Consistent with the terms of the oral settlement as discussed above,
IT IS FURTHER ORDERED that no party, person, business entity, municipal corporation, or any other entity with the capacity to be sued, admits liability related to the events described in the Complaint.
IT IS FURTHER ORDERED that Plaintiff, together with her heirs, executors, administrators, assigns, and successors in interest are hereby conclusively deemed to have completely released and forever discharged the County of Isabella, its employees, including but not limited to Officer Robert Leosh, and their administrators, assigns, directors, employees, officers, elected and appointed officials, volunteers, boards, commissioners, and successors in interest ("the Release Parties") from any and all claims, rights, damages, costs, losses of service, expenses, in compensation of any nature whatsoever, whether based on tort, statute, contract, or other theory of recovery, which the Plaintiff now has, or which may hereafter accrue or otherwise be acquired on account of, or may in any way grow out of, or which are the subject of the Complaint including, without limitation, any and all known or unknown claims for bodily and personal injury to Plaintiff, or any future wrongful death claim of Plaintiff's representatives or heirs, which have or may have resulted from the alleged acts or omissions of the Released Parties.
IT IS FURTHER ORDERED that Plaintiff shall inform Defendant of her social security number.

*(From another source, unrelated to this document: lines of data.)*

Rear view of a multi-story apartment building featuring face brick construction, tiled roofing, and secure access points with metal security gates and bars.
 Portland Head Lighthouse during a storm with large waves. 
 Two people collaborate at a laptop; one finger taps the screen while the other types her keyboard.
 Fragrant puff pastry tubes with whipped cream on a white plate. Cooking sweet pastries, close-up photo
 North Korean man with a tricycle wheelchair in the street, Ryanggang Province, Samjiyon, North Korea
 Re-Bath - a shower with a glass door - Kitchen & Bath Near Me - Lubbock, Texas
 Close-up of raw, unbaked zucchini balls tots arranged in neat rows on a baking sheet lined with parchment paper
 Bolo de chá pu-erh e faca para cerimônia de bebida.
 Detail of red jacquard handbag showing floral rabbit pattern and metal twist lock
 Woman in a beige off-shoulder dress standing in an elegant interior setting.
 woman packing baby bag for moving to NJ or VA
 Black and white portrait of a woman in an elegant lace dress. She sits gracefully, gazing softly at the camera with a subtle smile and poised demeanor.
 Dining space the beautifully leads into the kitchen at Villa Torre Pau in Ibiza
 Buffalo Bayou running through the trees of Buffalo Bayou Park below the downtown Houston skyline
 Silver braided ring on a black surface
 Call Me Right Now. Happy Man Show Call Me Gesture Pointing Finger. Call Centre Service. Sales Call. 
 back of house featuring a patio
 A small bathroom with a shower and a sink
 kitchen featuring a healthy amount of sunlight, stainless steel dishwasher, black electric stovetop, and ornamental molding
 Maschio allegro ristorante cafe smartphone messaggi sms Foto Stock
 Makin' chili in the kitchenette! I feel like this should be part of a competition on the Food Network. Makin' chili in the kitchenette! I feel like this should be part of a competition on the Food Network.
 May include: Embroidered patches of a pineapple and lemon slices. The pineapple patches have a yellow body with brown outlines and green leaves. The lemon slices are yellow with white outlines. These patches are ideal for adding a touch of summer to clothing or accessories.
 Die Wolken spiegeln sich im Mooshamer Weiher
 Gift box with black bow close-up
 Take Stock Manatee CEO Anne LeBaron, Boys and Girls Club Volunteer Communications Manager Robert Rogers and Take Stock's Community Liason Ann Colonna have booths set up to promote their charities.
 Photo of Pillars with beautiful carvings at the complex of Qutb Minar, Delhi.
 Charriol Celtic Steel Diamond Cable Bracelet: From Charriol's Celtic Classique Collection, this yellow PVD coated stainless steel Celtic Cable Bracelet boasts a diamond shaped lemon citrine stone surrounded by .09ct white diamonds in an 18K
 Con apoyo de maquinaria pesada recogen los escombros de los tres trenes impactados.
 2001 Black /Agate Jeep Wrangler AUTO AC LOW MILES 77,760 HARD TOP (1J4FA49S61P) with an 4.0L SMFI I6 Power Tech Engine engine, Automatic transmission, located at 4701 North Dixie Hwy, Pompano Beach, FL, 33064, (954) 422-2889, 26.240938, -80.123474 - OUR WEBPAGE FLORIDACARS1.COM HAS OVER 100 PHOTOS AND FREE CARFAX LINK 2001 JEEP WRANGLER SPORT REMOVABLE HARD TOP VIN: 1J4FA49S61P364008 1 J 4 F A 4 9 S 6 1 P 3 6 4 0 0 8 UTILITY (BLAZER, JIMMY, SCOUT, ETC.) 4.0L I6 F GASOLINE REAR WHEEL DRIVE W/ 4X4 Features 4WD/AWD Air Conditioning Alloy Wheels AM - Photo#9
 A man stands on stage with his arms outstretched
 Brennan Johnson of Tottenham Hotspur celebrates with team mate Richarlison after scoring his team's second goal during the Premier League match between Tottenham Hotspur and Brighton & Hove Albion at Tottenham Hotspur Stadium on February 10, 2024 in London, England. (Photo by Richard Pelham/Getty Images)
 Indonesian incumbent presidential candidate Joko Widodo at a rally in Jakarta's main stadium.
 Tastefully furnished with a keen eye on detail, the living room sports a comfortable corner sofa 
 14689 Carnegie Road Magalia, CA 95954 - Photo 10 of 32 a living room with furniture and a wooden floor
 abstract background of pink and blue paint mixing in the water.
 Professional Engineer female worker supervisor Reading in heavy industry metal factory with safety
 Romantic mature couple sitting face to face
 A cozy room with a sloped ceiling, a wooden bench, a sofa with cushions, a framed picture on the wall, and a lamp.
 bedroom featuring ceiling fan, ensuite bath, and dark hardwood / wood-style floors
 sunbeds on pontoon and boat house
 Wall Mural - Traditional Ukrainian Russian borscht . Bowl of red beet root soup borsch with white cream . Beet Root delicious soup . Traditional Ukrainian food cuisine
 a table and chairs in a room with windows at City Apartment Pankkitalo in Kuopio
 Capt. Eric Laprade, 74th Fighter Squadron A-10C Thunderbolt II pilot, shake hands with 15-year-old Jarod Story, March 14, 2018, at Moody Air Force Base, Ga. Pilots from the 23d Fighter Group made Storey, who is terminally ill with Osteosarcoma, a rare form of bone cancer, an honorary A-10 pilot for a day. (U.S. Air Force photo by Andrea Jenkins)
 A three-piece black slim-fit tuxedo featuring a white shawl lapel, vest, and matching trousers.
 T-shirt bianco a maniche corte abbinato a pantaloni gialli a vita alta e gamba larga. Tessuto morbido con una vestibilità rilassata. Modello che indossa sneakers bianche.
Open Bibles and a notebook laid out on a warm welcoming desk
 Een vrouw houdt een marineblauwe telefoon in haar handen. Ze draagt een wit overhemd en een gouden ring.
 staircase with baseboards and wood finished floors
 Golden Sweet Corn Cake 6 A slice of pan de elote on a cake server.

IT IS FURTHER ORDERED that Defendant shall, as soon as practicable after Plaintiff informs Defendant of her Social Security Number, produce to Plaintiff a check payable to Plaintiff in the amount of eleven thousand dollars.
IT IS FURTHER ORDERED that Plaintiff's "Motion to Reinstate the Case due to Defendant's Violation of the Settlement Agreement" [Dkt. # 157] is DENIED.